In my view, that change, more than anything else, will be labor mobility.
Everything else in the world is mobile – capital, technology, products, entire businesses. But one crucial aspect of enterprise isn’t, and that’s people. This has resulted in a severely lopsided globalization process.
Myriad financial arbitrage are currently possible because any globalization initiative potentially increases prosperity in a particular country or sector, while causing social upheaval in another. Inequality arises because while businesses can take their money and technology anywhere in the world, their workers cannot follow suit, or counter with similar moves of their own. And not least, because the politics of nation-states are where the people’s will and sentiment are heard and played out, national politics has the potential to evolve into a force for counter-globalization and anti-international business sentiment.
Think about it.
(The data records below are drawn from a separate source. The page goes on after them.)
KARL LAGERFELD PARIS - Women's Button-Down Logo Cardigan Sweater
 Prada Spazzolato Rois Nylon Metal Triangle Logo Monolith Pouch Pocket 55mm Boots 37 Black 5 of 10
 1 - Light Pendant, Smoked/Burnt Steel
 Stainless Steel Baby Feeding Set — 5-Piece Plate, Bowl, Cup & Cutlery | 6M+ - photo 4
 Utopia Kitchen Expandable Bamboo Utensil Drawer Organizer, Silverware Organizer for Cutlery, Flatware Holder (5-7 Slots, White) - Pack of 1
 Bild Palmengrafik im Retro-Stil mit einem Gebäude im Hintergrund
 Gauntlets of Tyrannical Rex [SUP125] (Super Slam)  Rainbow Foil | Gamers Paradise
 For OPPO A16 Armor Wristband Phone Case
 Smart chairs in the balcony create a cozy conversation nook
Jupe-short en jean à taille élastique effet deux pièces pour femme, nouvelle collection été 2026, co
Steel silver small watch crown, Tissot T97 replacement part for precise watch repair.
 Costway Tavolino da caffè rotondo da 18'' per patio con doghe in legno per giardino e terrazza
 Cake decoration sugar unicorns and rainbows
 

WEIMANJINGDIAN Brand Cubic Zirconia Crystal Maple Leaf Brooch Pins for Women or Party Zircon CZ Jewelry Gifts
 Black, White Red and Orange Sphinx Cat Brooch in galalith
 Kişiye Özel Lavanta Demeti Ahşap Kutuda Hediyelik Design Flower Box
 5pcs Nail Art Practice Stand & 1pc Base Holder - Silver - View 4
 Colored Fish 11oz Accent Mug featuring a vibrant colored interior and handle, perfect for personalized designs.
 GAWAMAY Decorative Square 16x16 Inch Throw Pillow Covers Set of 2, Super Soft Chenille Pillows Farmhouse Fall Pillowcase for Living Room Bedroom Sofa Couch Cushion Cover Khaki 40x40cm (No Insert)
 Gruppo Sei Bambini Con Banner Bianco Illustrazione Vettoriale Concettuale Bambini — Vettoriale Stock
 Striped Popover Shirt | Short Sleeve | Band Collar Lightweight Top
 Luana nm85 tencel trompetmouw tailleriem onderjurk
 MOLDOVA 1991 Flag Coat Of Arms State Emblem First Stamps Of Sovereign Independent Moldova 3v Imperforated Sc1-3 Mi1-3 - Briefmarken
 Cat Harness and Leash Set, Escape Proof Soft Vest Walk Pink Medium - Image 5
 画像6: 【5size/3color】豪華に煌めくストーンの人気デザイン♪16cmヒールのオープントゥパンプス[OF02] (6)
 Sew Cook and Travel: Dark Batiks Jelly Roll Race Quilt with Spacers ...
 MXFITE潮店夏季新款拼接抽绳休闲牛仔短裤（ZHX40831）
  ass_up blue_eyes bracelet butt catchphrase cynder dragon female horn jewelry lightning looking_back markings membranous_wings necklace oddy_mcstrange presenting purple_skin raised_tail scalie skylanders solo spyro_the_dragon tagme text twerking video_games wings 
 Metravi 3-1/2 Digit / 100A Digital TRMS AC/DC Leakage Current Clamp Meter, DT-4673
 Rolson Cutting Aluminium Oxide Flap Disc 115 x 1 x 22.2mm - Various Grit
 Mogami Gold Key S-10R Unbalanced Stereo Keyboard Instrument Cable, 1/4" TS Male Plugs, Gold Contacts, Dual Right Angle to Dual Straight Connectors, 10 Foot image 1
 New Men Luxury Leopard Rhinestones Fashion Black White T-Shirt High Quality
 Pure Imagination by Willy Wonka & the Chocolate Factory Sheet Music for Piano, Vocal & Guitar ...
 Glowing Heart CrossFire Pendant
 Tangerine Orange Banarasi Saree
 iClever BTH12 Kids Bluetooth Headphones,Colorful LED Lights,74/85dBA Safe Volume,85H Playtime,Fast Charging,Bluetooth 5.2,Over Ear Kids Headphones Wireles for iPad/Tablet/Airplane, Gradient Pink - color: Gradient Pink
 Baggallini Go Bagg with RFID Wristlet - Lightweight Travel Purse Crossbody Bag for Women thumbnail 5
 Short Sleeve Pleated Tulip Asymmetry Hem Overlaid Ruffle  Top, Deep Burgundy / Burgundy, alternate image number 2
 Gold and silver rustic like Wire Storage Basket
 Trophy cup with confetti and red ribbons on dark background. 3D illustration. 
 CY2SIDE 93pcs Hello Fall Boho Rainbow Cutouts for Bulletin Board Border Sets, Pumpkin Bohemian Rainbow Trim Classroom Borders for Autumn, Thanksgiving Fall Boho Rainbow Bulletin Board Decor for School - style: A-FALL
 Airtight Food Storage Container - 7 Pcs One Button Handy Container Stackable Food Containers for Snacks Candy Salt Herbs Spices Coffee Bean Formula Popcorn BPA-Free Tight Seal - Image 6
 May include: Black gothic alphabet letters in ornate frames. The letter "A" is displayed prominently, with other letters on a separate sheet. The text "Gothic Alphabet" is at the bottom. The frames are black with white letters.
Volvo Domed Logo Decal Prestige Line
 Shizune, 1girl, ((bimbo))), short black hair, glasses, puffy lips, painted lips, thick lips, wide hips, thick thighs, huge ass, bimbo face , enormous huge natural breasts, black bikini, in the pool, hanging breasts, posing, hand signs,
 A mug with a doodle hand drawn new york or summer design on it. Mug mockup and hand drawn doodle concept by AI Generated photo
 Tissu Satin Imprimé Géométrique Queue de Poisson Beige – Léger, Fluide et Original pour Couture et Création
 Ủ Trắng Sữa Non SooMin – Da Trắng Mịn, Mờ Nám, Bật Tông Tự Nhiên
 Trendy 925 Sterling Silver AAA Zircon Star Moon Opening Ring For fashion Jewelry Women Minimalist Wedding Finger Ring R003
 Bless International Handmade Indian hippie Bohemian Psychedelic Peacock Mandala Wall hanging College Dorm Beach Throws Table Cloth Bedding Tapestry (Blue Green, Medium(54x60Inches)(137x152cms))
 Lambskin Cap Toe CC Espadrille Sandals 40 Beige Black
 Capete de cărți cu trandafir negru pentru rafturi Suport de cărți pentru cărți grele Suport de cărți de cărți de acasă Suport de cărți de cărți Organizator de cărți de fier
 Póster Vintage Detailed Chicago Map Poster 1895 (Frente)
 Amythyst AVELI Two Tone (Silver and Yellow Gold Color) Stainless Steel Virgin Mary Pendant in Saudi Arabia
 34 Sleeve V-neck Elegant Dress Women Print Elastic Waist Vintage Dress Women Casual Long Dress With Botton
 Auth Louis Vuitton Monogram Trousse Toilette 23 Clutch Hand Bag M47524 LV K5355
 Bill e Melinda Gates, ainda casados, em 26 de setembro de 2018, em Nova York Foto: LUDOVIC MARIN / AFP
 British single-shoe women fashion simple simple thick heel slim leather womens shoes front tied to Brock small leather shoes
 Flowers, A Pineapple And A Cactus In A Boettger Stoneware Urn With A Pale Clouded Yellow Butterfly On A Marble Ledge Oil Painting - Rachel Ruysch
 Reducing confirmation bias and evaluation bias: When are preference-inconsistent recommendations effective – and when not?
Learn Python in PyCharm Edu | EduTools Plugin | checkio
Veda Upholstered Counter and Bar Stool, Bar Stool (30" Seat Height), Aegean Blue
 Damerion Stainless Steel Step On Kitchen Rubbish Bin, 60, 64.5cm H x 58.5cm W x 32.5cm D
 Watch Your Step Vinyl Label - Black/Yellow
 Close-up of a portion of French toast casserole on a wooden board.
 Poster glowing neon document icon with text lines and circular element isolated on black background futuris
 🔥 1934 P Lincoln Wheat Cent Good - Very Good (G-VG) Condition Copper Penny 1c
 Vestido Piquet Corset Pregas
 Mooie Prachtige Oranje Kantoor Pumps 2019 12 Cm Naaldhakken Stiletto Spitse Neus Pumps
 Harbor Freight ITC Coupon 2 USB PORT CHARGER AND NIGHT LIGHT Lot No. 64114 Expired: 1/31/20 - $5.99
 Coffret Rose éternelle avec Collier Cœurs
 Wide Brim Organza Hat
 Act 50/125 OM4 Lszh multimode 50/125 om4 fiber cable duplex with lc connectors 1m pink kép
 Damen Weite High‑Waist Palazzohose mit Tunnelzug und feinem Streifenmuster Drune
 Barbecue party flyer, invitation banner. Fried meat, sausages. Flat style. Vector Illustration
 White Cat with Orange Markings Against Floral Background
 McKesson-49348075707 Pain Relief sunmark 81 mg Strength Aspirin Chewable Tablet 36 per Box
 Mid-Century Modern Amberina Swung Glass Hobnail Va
Much of economic policies formed at the national level could be interpreted as “beggar-thy-neighbor” at some level. A loose monetary policy in one country affects the capital allocation in another, and a tight policy determines trade policy in others. An aggressive fiscal program can trigger similar moves in others, or have unintended consequences on those unable to do so. Currency controls in one country affects consumption patterns in trading partners, while inflation targets in other countries affects employment and purchasing parity in still others.
All this is true because people cannot mitigate the effects of a relatively-more benign policy in one region by migrating to it, or mute the harsh consequences of a neighbour country’s (competing or trading partner) actions, by piling on to that country.
Countries currently compete to attract capital and technology, but not a lot also compete to attract labor.
Countries try to increase their earnings by increasing net exports. But taken on the whole, an increase in one country will have to result in a balancing increase in another’s imports. The country increasing its earnings will theoretically have more kitty that be divided among its populace, while the other country that loses will have less. The improved country meanwhile, does not have to worry about foreign people suddenly surging toward its borders seeking to join in its successful earnings initiative.
So we either start to see less globalization, or we will gradually start seeing borders coming down over the coming decades. The twenty first century could well go down in history as the era of decline of the nation-state.